■ **EXERCISE**: For the data below, give the number of lines that include the word "Large" and nothing else.
(EXERCISE INPUT Opens)
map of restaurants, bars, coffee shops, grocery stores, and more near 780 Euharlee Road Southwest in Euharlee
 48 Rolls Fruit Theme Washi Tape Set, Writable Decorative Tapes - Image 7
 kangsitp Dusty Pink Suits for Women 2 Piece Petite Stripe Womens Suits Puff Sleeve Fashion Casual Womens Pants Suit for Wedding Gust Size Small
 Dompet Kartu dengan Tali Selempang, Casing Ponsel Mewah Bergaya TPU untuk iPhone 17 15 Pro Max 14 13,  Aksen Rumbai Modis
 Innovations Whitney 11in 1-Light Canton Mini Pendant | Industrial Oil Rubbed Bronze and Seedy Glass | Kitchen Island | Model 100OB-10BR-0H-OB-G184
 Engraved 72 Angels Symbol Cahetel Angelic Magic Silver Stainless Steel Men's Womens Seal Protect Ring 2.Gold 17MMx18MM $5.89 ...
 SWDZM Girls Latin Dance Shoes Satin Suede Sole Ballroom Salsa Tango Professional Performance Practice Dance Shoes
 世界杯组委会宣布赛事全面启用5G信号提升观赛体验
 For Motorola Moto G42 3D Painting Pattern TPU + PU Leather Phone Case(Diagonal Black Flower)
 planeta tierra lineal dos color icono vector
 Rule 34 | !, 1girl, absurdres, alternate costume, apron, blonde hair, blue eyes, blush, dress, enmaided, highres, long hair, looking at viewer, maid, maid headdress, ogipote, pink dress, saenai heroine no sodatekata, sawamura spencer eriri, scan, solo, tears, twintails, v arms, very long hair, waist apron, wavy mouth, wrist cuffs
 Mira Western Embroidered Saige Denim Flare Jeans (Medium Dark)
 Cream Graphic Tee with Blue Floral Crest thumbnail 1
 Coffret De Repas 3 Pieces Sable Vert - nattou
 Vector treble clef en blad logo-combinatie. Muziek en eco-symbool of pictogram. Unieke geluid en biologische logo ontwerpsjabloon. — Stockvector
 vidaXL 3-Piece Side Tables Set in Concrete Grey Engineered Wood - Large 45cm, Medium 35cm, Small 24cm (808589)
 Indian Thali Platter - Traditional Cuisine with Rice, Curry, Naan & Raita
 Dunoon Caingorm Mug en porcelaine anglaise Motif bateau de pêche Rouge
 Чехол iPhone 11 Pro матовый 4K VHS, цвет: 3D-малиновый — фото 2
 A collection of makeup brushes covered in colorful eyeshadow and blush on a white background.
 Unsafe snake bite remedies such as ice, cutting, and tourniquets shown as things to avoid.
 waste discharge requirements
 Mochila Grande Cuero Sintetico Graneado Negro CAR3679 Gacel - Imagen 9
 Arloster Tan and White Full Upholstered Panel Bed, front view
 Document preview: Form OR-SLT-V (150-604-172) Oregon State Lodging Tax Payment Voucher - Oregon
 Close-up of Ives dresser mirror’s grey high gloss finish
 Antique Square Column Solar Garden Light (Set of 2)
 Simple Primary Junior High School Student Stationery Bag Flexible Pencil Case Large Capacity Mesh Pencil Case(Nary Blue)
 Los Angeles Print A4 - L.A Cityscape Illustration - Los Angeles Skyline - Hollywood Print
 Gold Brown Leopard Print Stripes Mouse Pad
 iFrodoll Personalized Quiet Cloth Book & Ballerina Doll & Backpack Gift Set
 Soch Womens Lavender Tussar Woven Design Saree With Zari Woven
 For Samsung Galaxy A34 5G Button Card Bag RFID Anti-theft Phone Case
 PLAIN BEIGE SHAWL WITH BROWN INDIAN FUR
(EXERCISE INPUT Closes)
■ **TASK RESPONSE**: 2